Given data section start

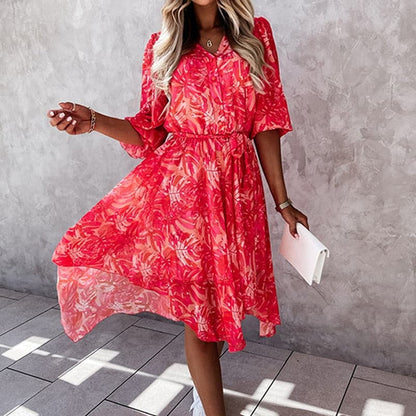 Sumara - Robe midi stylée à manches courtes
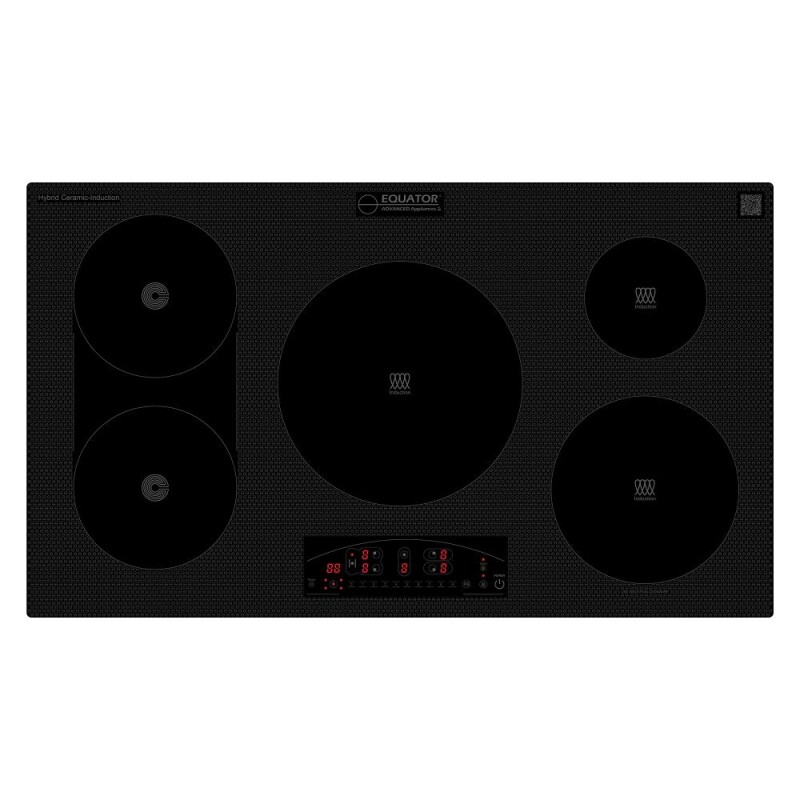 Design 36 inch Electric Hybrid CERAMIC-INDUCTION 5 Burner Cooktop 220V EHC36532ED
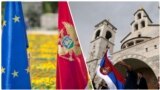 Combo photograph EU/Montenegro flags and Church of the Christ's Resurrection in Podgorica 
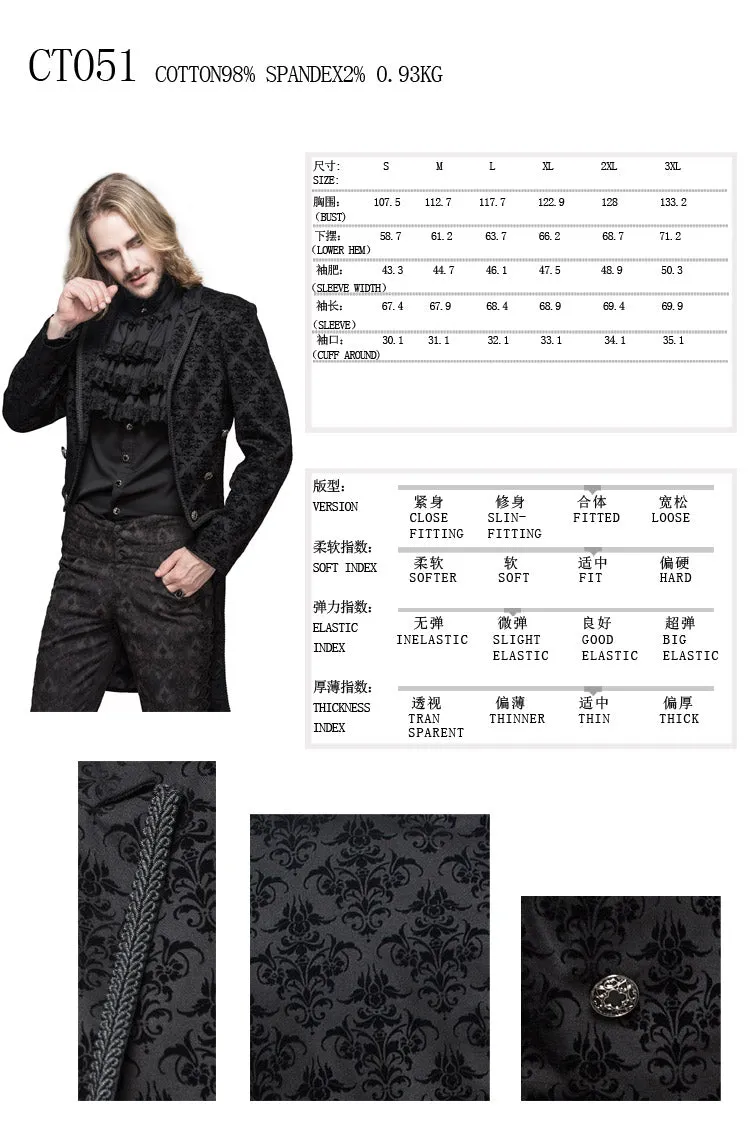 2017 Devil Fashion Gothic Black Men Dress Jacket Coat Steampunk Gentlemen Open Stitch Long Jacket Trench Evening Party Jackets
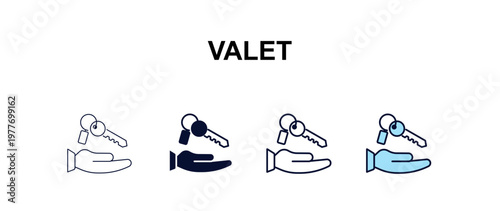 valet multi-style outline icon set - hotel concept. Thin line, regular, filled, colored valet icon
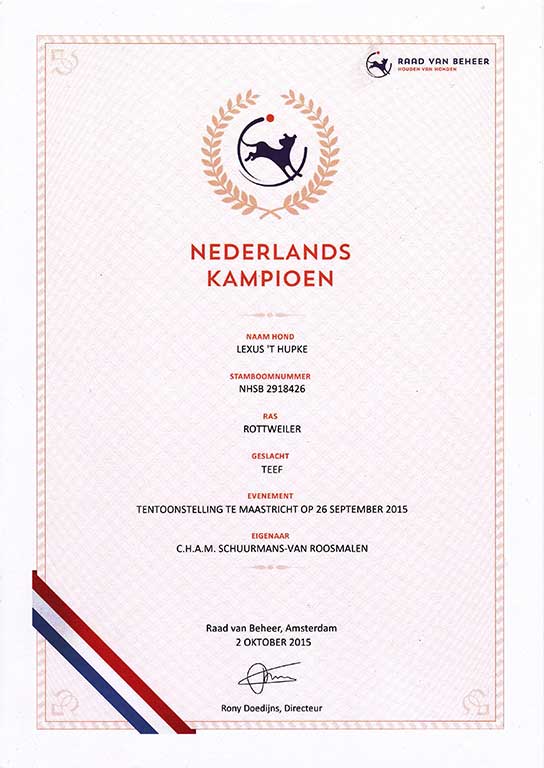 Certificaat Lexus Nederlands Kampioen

Given data section end

Where a picture appears, omit it; otherwise reproduce each line above from the first to the one with "Combo photograph EU/Montenegro", inclusive.

[Result of the task]
 Sumara - Robe midi stylée à manches courtes
 Design 36 inch Electric Hybrid CERAMIC-INDUCTION 5 Burner Cooktop 220V EHC36532ED
 Combo photograph EU/Montenegro flags and Church of the Christ's Resurrection in Podgorica 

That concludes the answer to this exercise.